American activist and political theorist (1967–2012)

Joel Olson (1967–2012) was an American associate professor of political theory at Northern Arizona University in Flagstaff and a social justice activist.

==Biography==
Olson graduated in 2001 with a PhD in political theory from the University of Minnesota. Inspired by the work of abolitionists and African-American Sociologist W.E.B. Du Bois, his dissertation examined the interconnection between race and democracy. From his dissertation, he published his book The Abolition of White Democracy (2004, University of Minnesota Press). At the time of his death, he was building a theory of fanaticism or extremism that would explain the politics of Pro-Life assassins, abolitionists, green anarchists, and Al-Qaeda. The work was titled American Zealot: Fanaticism and Democracy in the United States.

Although a university professor, Olson rejected intellectual-worker and activist-theorist divides, engaging in politics on the streets, canvassing, building community support. Over his life, he worked in and helped found groups like Bring the Ruckus, Cop Watch, and the Repeal Coalition.

This latest effort was initiated in 2008 in response to an increased oppression of immigrants and those perceived to be immigrants in Arizona. The Repeal Coalition, co-founded by Olson and other members of the Flagstaff community, focuses on repealing all anti-immigration legislation and providing support for the immigrant community. As their web states, the group is "an organization committed to repealing over 60 anti-immigrant laws and bills that have been passed or considered by Arizona politicians in the past few years. We demand the repeal of all laws — federal, state, and local — that degrade and discriminate against undocumented individuals and that deny U.S. citizens their lawful rights."

The following quote of Olson's was turned into a plaque on a memorial outdoor classroom between the buildings of the College of Social and Behavioral Sciences at NAU: "What is the most damage I can do, given my biography, abilities, and commitments, to the racial order and rule of capital?"

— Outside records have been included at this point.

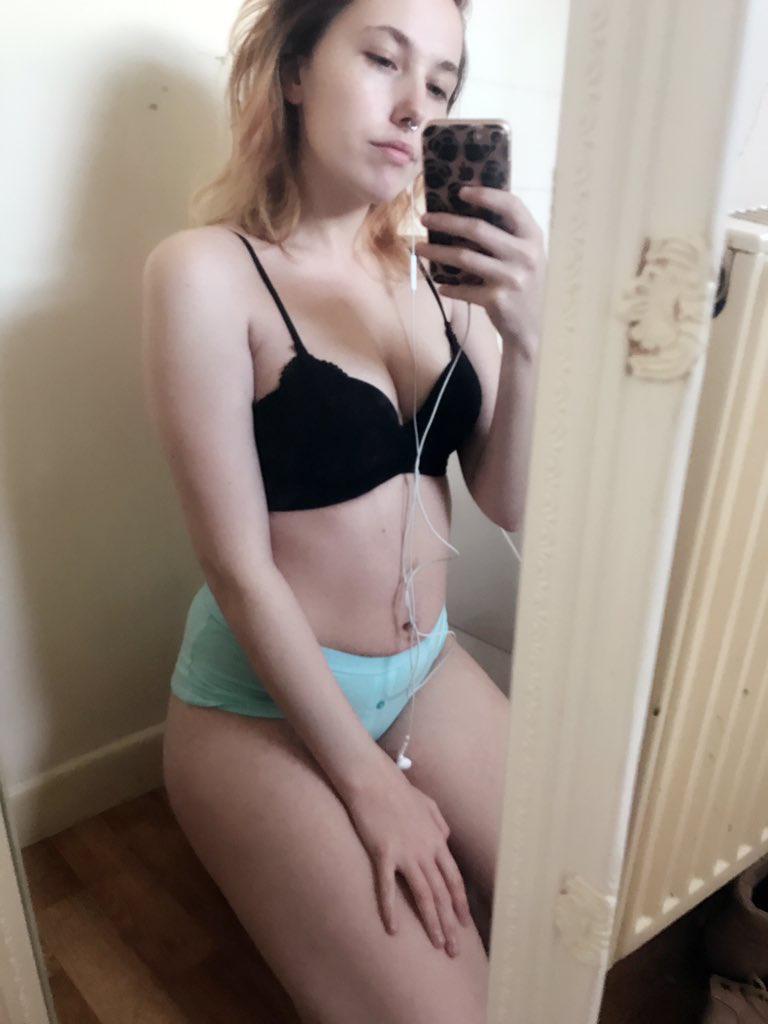 Hookup, Cam Sex, Escort Available Hookup, Cam Sex, Escort Available
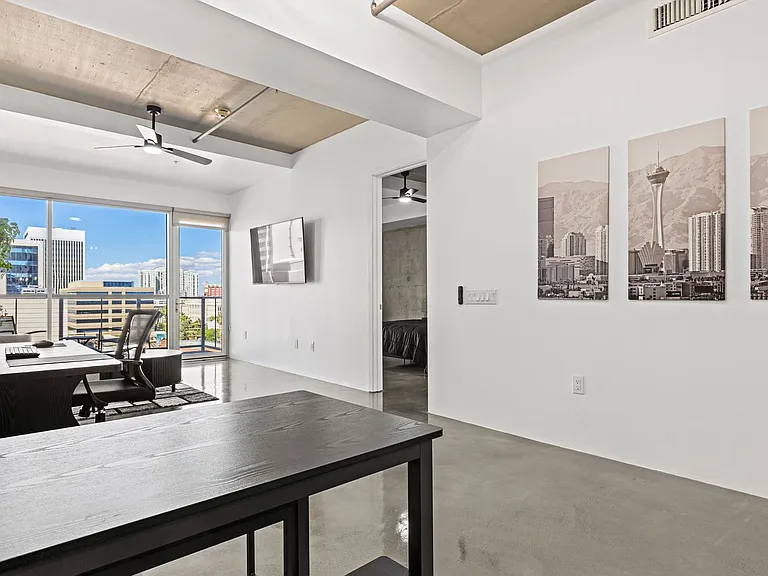 353 E Bonneville Ave #707 — Photo 11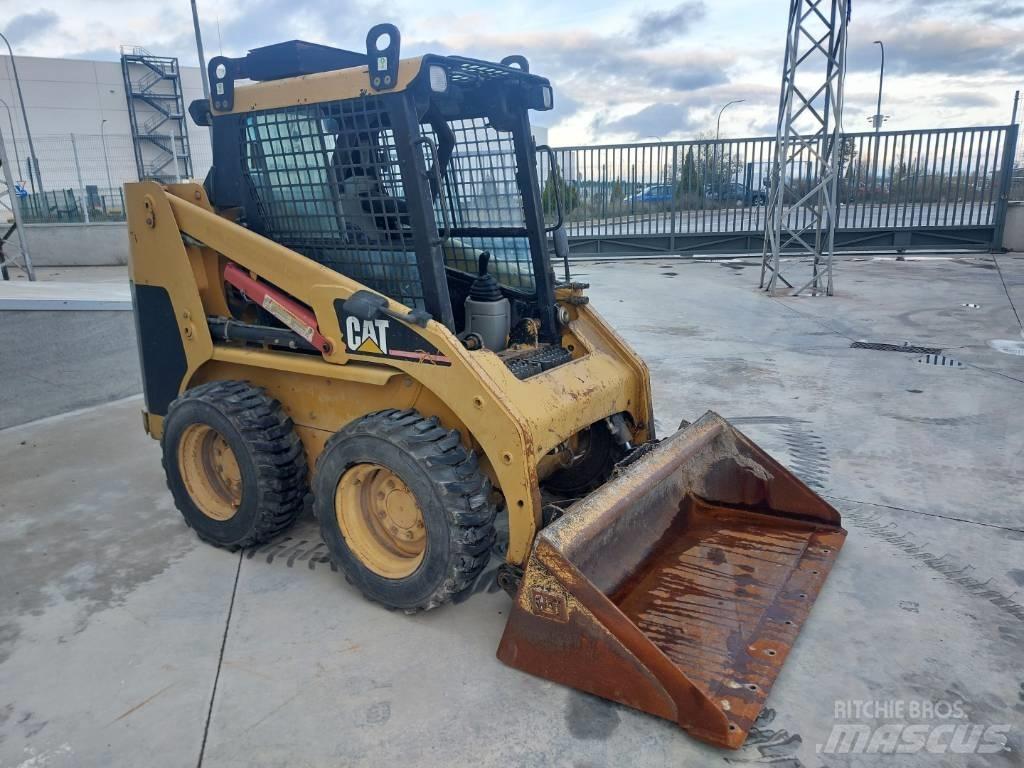 CAT 216 Mini incarcator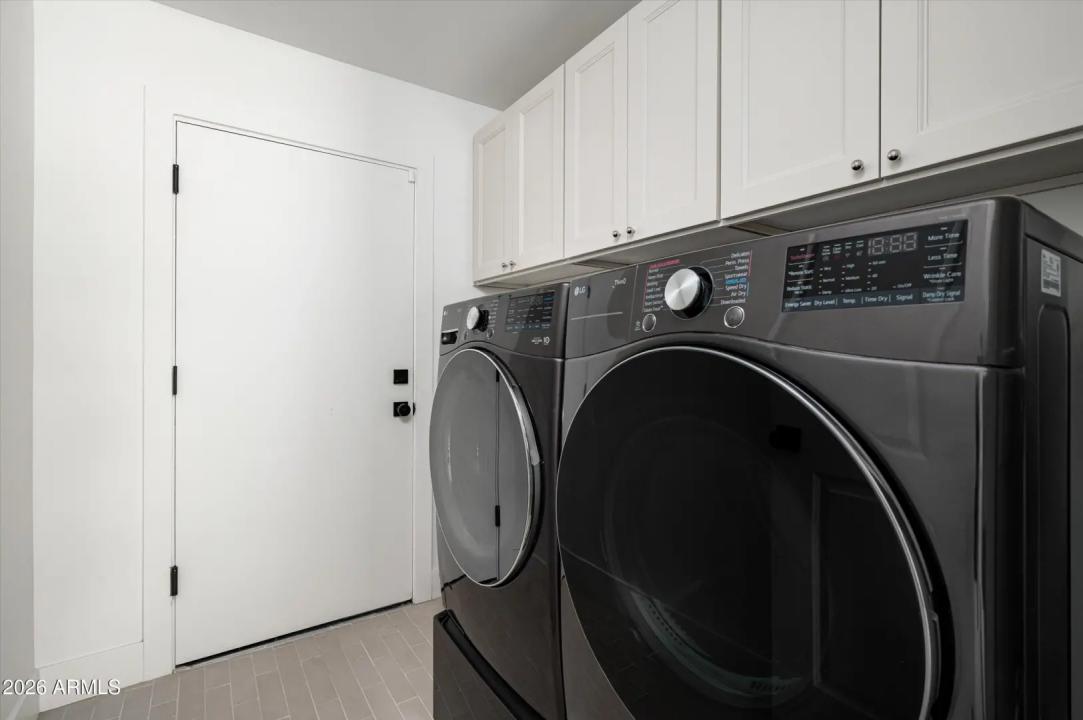 Real Estate Picture 33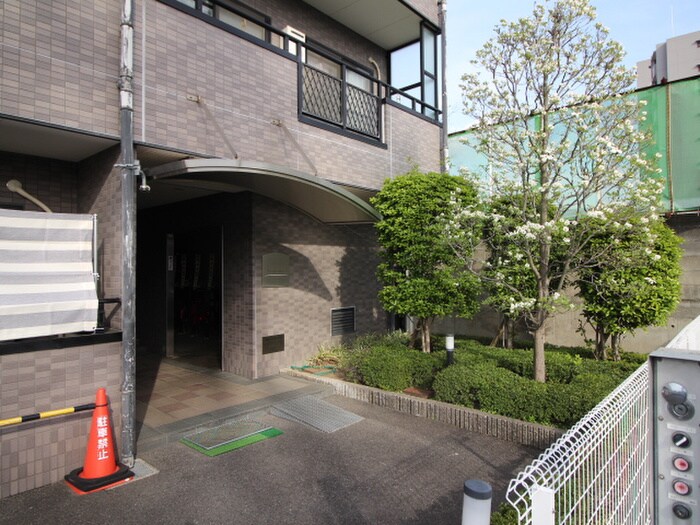 ミレニアムＮＩＳＨＩＭＵＲＡの物件外観写真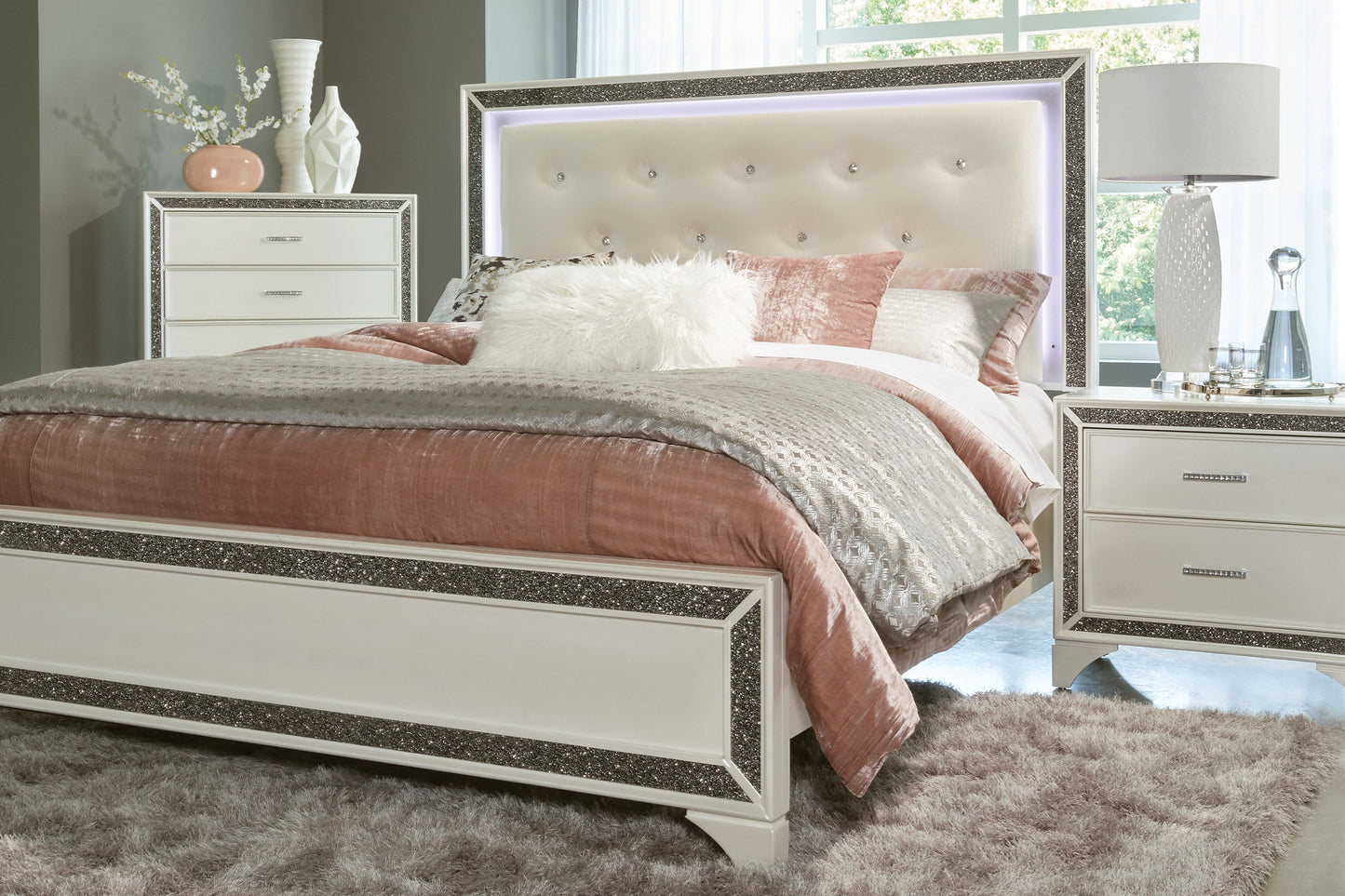 Salon White Queen LED Upholstered Panel Bed - SET | 1572W-1 | 1572W-2 | 1572W-3 - Luna Furniture - Dallas Store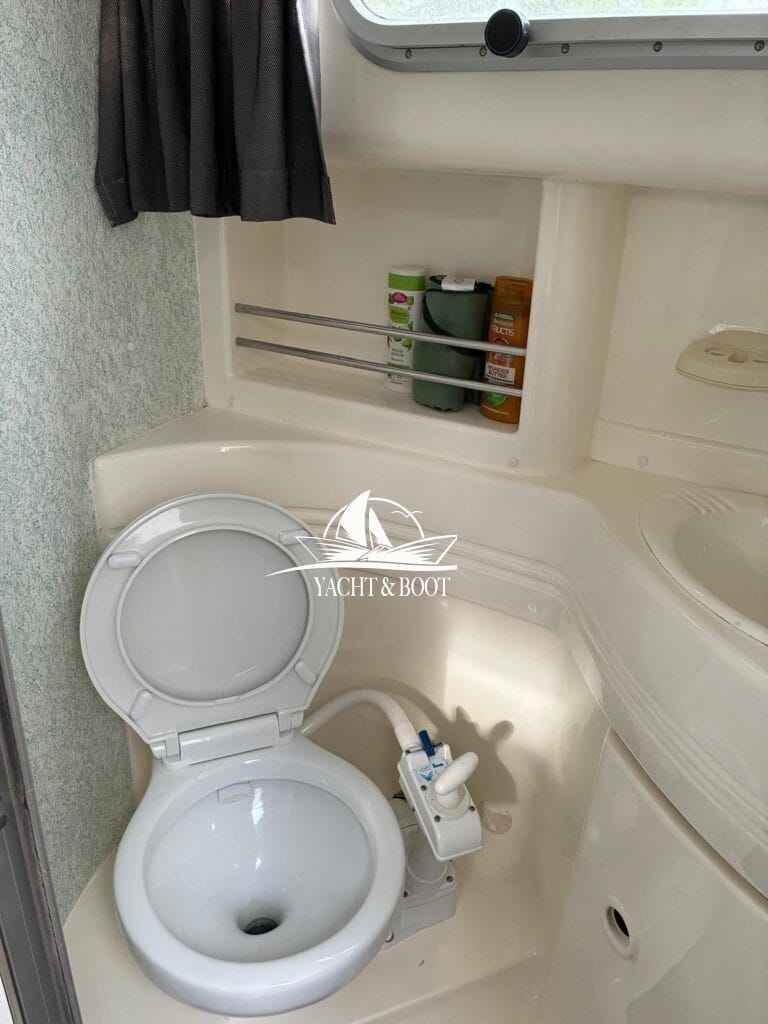 Motorboot Sealine S 270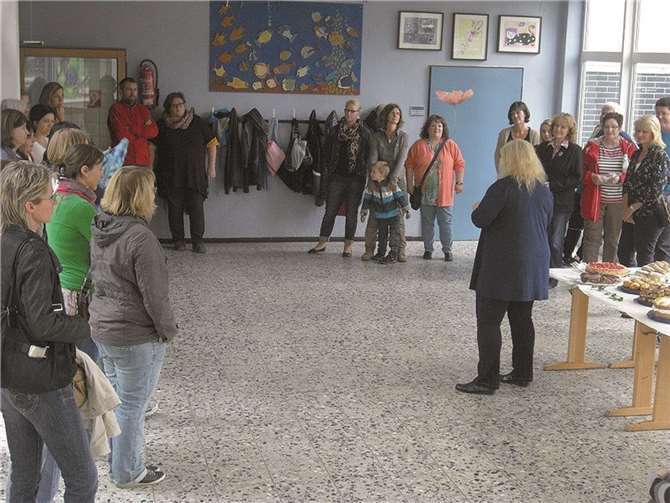 Schulleiterin Elke Esper begrüßte die Eltern im Innenhof der Schule. privat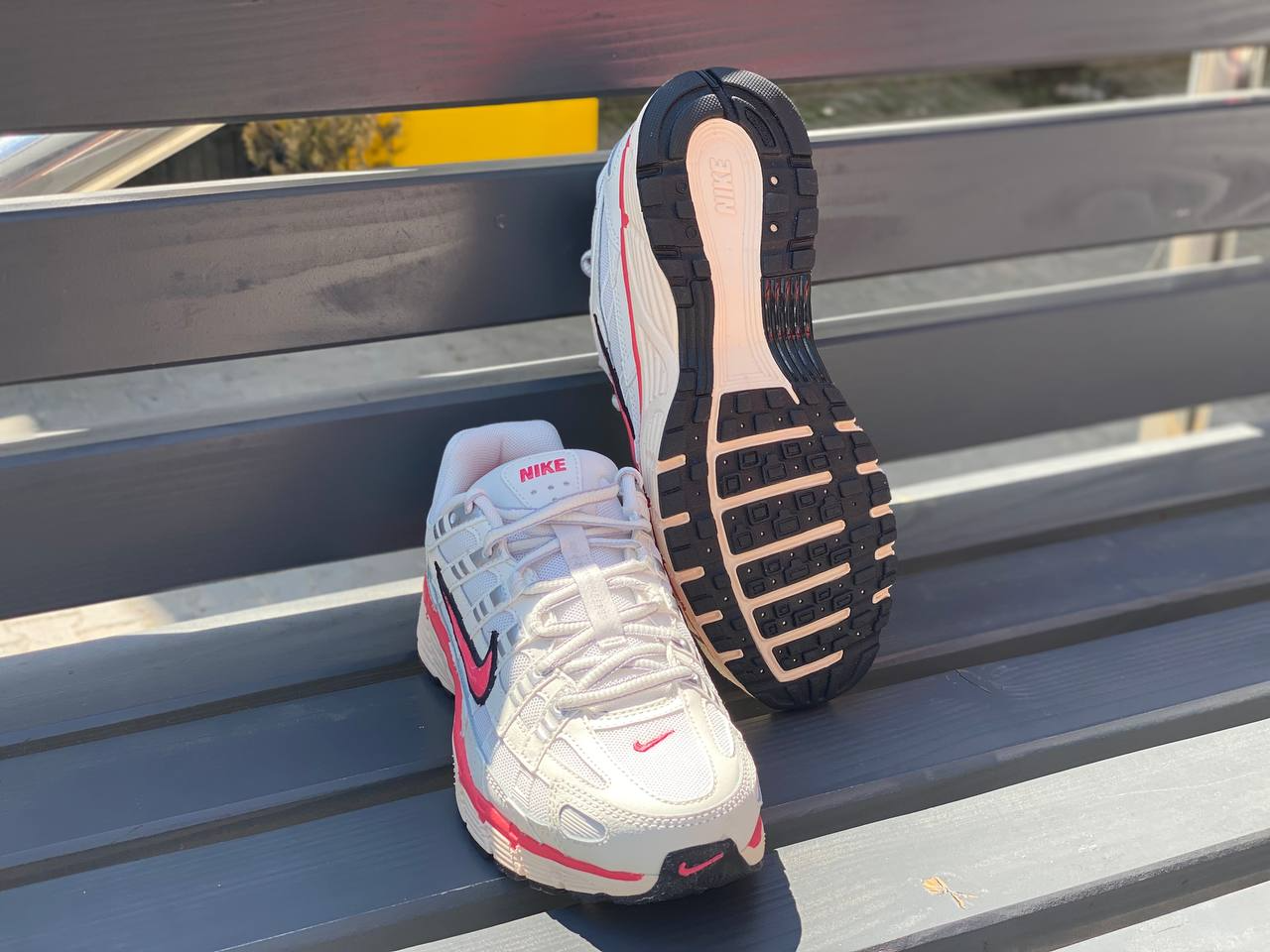 NIKE W P-6000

Olson died the night after he gave a lecture at the University of Nottingham in the United Kingdom in March 2012 whilst he was on an international teaching exchange with the University of Alicante. His body was found in his room at the Hugh Stewart Hall. No serious health issues leading to the cause of death could be ascertained by the pathologist "other than natural causes."

He and his wife Audrey Creed had three children.